IT was only a month ago, but it feels like it was a different age, when everyone was positively prehistoric – no one had heard of Pokemon Go, and no one was really expecting Britain to go.

Certainly, the polls, the politicians and the markets weren’t, and so there was a discernible tremor of unease when, at 12.01am, Newcastle voted Remain by a flake of a percentage point. Then, at 12.18, Sunderland voted Leave by a yawning chasm – 61 per cent to 39 per cent – there was an economic earthquake. The city, which is the home of pro-EU Nissan, was expected to vote out by about six percentage points, but the whopping 22 point margin instantly wiped four per cent off the value of the pound, its biggest plunge for a decade.

It set the tone, and changed our world.

Back then on referendum day, Britain was cloudy and grey, suffering the wettest June for decades; a month on, the sun is out and the July temperature is soaring.

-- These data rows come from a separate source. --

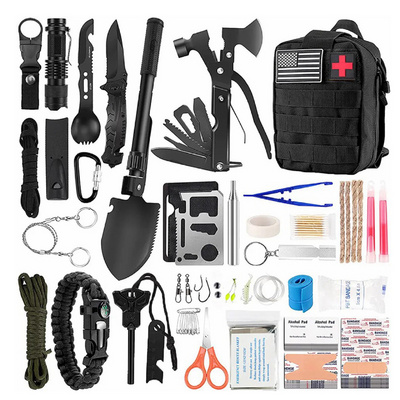 Outdoor Hiking Camping Professional Emergency Survival Kit Camping Gears Tool Tactical Multipurpose First Aid Kits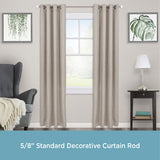 Kenney® Walden 5/8" Standard Decorative Window Curtain Rod, 28-48", Glass/Pewter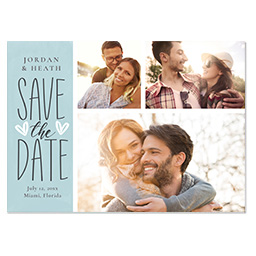 4.25x6 Postcard  with Lively Hearts design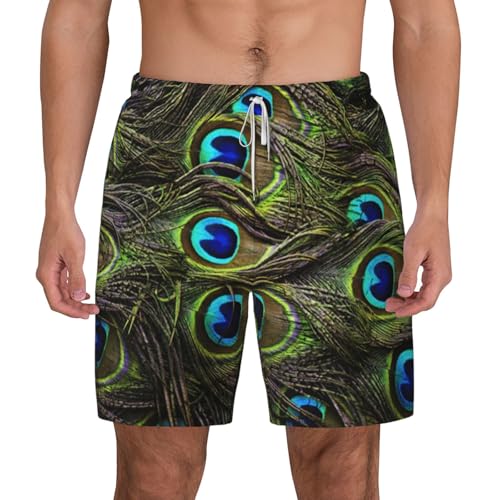 Short de bain paon léger et confortable pour vos vacances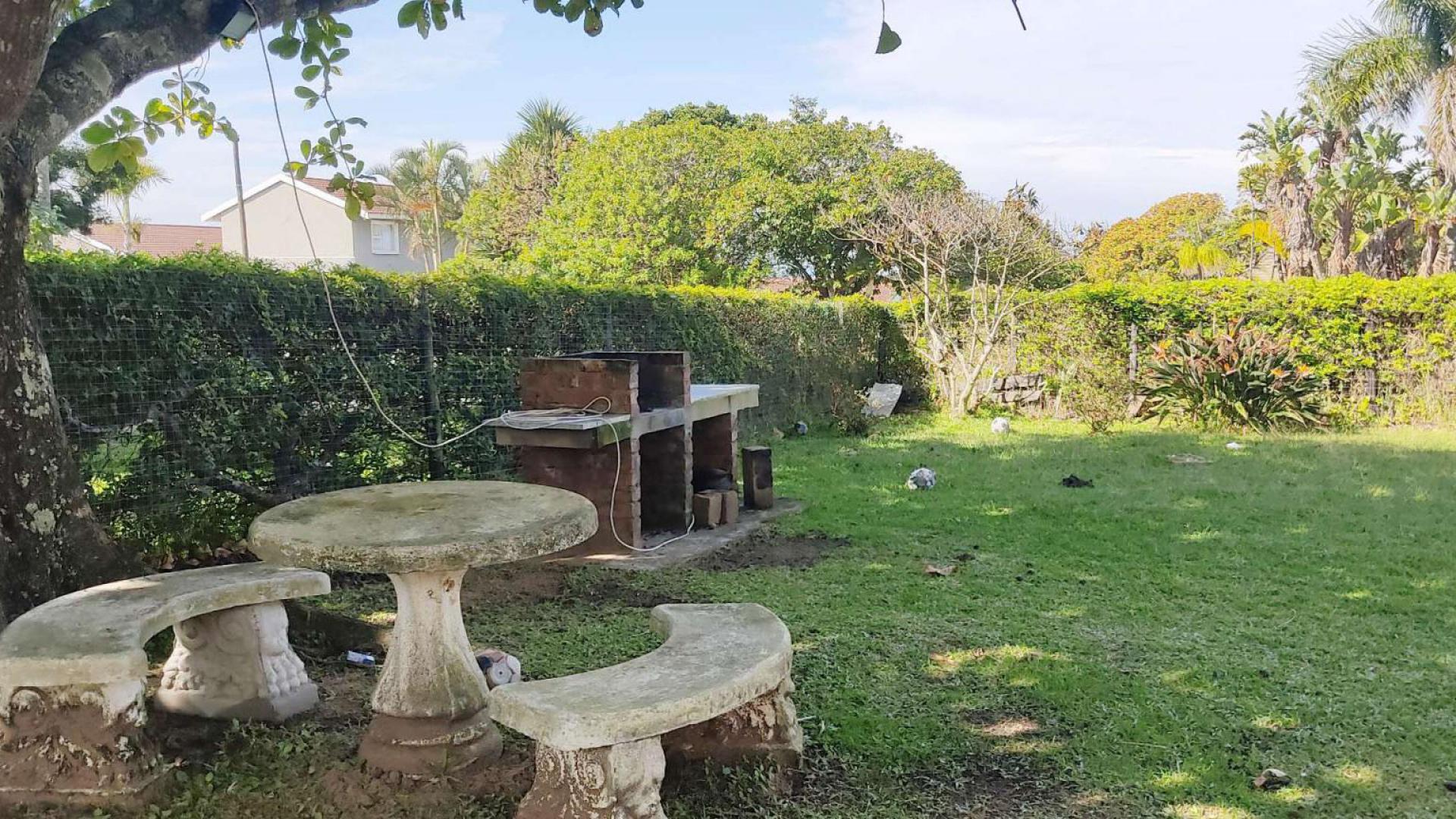 Backyard of property in Port Edward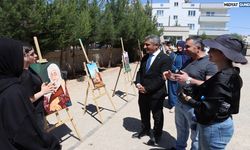 Şehit Mehmet Sait Barış Anadolu Lisesi'nden Sanat Sergisi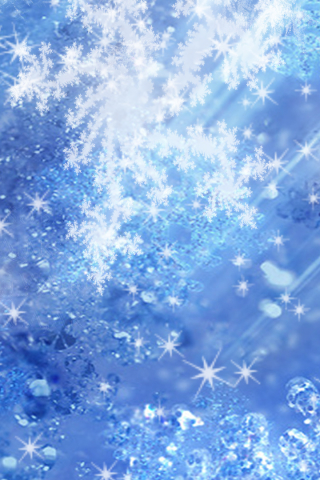 無料モバイル壁紙クリスマス, 青い, 霜, 勾配, 星, ホリデーをダウンロードします。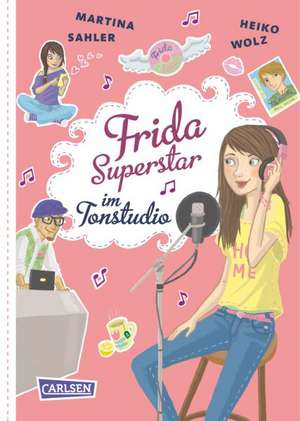 Frida Superstar im Tonstudio de Martina Sahler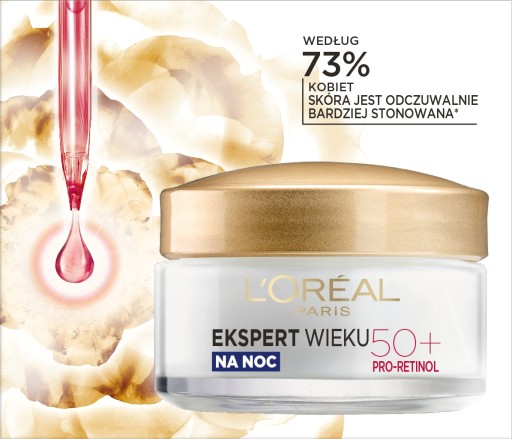 Loreal Age Expert 50+ spevňujúci krém proti vráskam na noc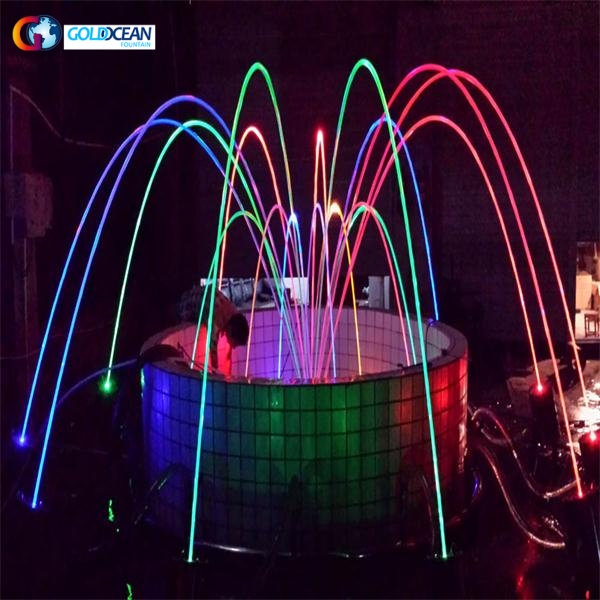 laminar jumping jet with RGB underwater light Water Fountain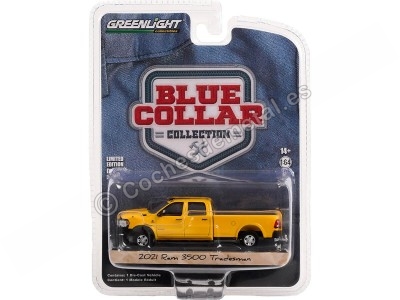 Cochesdemetal.es 2021 Dodge Ram 3500 Tradesman Bus scolaire "Blue Collar Collection Series 11" 1:64 Greenlight 35240E 2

Back then, Britain was a member of a community of 27 European states, of the biggest single market in the world with goods – and people – flowing freely across the borders. By daybreak, Britain was out, and now, a month on, we are going it alone.

Back then, David Cameron was Prime Minister with George Osborne by his side, pressing on with his draconian cuts and issuing dire warnings of recession if we voted to leave. Now, Theresa May is in No 10, the cuts programme has been delayed, and her Chancellor, Philip Hammond, has praised the resilience of the British economy which has sailed almost serenely on.

Back then, England were in the last 16 of the European Championships and had been drawn against a country only three times bigger than the borough of Darlington. But just as Mrs May replaced Mr Cameron, who instantly fell on his sword after Britain’s shock exit from the EU, so Sunderland manager Sam Allardyce is to replace Roy Hodgson, who instantly resigned after Britain’s shock exit from the Euros at the hands of Iceland.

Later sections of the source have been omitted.